* **Work order**
In the records that follow, find the line containing "Custodia per iPhone" and the line containing "Zarif Yeşil Halı, 0,4x8,4 ft Sağlam Konfor", then transcribe both and every line between them exactly, omitting pictures.

* **Data for analysis**
★ ★ ★ ★

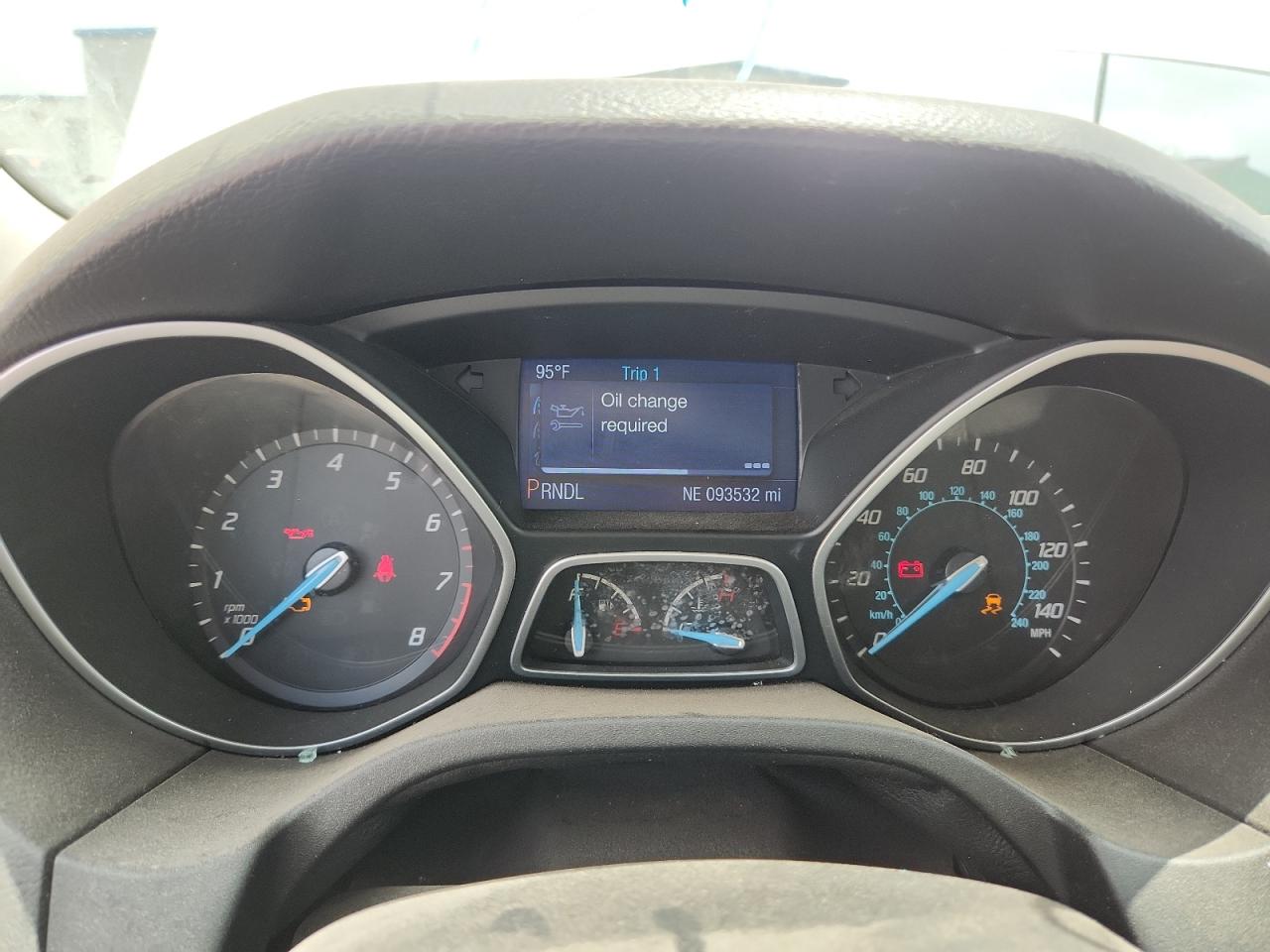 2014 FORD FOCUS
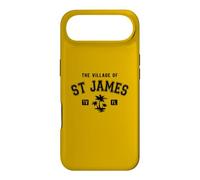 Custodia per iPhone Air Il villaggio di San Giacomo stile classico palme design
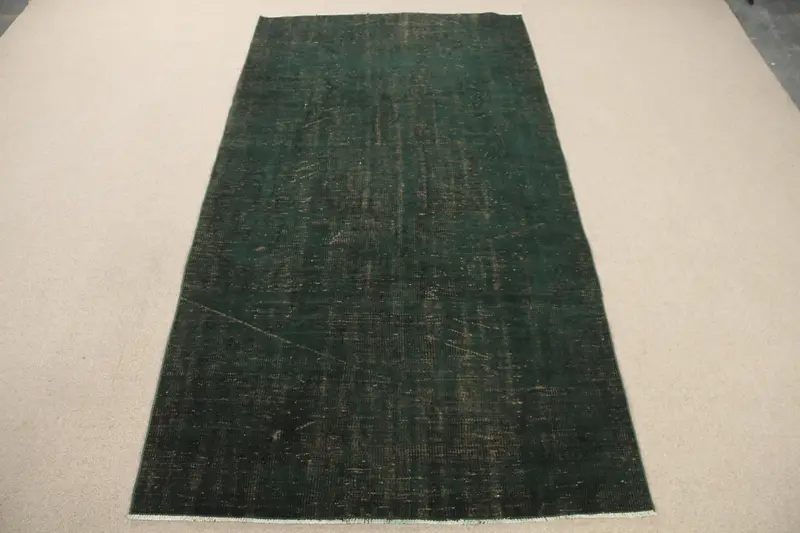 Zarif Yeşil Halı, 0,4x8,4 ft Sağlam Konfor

★ ★ ★ ★

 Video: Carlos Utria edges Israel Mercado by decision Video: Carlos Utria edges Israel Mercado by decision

★ ★ ★ ★

* **Written answer**
 Custodia per iPhone Air Il villaggio di San Giacomo stile classico palme design
 Zarif Yeşil Halı, 0,4x8,4 ft Sağlam Konfor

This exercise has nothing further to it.